A Samsung Galaxy S3 owner in Dublin told sympathizers on a chat board that his smartphone exploded in his car although he avoided serious injury. Samsung, which gave him a replacement, is investigating.
Samsung no doubt thinks its Galaxy S III smartphone is red hot and ready to smoke the competition, but a user in Dublin has experienced something else entirely. His Galaxy S III, he wrote on a chat board June 20, exploded while docked in his car.
“I was driving along … when suddenly a white flame, sparks and a bang came out of the phone,” the Samsung owner wrote, using the handle dillo2k10. An included link to a Facebook page says he’s a university student named Dylan Kershaw. He added that the phone burned from the inside out and “burned through the plastic and melted my case to my phone. The phone kept working but without any signal.”
A photo posted to the site shows a phone with some sort of serious, but not externally extensive, fire damage.
The Irish student added that he brought the phone to Carphone Warehouse—a popular phone seller; it’s really only the model in the United States to purchase a phone through a carrier—where he was told the matter would need to be looked into.

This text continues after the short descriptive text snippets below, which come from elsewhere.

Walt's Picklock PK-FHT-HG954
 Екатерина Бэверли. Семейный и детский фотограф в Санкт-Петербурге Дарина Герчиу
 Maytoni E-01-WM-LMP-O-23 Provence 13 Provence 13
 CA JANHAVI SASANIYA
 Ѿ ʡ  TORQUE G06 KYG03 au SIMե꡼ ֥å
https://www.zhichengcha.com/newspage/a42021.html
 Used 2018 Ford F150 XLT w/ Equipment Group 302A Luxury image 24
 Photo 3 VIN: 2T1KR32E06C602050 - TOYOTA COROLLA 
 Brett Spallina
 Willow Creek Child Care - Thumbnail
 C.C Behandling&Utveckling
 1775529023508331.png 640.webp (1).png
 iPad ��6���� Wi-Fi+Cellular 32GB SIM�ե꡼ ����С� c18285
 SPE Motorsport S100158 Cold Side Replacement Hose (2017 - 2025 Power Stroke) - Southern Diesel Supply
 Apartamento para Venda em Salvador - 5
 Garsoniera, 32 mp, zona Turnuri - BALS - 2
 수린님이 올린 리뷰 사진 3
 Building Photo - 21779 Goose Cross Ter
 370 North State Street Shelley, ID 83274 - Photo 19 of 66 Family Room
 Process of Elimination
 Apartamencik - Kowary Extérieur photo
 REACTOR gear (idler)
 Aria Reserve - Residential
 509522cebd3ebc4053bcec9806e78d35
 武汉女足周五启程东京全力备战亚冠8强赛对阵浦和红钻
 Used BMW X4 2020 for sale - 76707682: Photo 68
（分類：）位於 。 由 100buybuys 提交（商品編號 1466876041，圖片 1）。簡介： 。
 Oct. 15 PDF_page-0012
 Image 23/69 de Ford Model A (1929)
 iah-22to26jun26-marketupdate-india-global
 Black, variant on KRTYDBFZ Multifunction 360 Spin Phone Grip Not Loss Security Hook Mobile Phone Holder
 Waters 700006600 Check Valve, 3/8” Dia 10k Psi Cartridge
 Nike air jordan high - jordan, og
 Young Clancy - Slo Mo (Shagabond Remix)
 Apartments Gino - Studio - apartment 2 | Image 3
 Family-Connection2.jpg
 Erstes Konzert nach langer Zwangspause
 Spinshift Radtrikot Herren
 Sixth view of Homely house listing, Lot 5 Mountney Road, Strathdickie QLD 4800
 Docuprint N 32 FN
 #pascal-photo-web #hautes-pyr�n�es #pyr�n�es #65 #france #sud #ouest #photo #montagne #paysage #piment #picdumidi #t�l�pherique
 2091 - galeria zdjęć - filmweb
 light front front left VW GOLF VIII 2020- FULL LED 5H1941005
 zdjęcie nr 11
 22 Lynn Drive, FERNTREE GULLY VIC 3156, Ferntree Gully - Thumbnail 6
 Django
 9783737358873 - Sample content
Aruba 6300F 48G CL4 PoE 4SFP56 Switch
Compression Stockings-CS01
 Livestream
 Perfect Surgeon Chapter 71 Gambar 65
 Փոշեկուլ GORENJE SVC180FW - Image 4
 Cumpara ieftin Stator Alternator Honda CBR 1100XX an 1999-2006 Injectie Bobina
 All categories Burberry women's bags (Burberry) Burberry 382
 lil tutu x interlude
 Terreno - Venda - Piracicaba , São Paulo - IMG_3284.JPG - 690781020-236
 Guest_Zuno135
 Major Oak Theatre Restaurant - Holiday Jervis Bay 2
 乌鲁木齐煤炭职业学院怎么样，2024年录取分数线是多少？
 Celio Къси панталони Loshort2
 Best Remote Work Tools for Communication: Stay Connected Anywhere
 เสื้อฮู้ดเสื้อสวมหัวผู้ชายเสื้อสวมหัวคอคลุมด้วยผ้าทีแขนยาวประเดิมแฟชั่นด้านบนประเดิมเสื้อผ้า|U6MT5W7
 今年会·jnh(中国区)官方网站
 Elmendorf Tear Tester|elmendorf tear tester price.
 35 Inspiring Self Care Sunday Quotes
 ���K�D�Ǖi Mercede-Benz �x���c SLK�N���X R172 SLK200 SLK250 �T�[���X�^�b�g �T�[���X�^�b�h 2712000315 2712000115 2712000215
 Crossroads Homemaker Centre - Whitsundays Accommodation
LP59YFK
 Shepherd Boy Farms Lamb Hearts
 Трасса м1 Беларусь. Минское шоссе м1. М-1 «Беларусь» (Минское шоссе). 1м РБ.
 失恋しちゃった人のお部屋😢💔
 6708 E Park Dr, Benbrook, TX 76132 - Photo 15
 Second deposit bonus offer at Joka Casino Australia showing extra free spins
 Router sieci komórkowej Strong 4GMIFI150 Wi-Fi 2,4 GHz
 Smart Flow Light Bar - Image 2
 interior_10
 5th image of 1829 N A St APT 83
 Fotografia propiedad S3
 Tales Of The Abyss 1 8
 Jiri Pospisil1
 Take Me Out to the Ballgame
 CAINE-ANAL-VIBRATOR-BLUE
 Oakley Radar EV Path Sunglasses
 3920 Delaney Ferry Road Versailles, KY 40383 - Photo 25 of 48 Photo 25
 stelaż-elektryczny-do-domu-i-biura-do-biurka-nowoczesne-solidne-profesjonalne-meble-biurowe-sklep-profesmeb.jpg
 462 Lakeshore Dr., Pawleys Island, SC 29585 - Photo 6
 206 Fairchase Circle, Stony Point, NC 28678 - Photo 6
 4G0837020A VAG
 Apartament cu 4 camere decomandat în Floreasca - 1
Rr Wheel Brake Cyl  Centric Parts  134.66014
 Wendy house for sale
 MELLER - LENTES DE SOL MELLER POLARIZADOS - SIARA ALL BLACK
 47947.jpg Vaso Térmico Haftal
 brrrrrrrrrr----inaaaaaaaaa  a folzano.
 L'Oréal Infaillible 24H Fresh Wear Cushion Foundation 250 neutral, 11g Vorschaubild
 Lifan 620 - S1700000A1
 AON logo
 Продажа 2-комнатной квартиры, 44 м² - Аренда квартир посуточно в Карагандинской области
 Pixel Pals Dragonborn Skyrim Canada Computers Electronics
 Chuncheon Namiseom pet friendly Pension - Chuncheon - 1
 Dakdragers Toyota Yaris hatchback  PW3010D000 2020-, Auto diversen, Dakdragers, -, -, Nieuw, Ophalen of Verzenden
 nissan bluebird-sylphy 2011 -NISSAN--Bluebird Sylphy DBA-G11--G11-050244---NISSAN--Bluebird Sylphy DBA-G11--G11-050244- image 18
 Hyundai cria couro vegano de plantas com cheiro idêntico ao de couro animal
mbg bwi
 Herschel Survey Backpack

“They didn’t even give me a replacement phone, left with nothing,” he wrote. “The phone was destroyed and it slightly burned a piece of plastic on the inside of my car. … Probably nothing I can do, but I’m really annoyed. That could have burned the side of my face or through my pocket and my leg, or set fire to my bed. It’s very dangerous.”
Samsung, recognizing a potential public relations nightmare when it hears one, hurried to pay the lad a visit.
“The head of customer services came out to see me and gave me a replacement phone. Even said he would send me out some free stuff,” dillo2k10 wrote in an update to the post.
Samsung acknowledged on its Samsung Tomorrow site that it is looking into the matter. In said in a June 21 blog post:
There have been recent online posts displaying pictures of a Samsung GALAXY S3 that appears to have heat-related damage at the bottom of the device. Samsung is aware of this issue and will begin investigating as soon as we receive the specific product in question.
Once the investigation is complete, we will be able to provide further details on the situation. We are committed to providing our customers with the safest products possible and are looking at this seriously.
Samsung is not the first one to be facing such issues. Apple has had numerous cases similar to this one with its iPhones. We’ll have to wait and see if any more similar incidents are reported before we can conclude anything.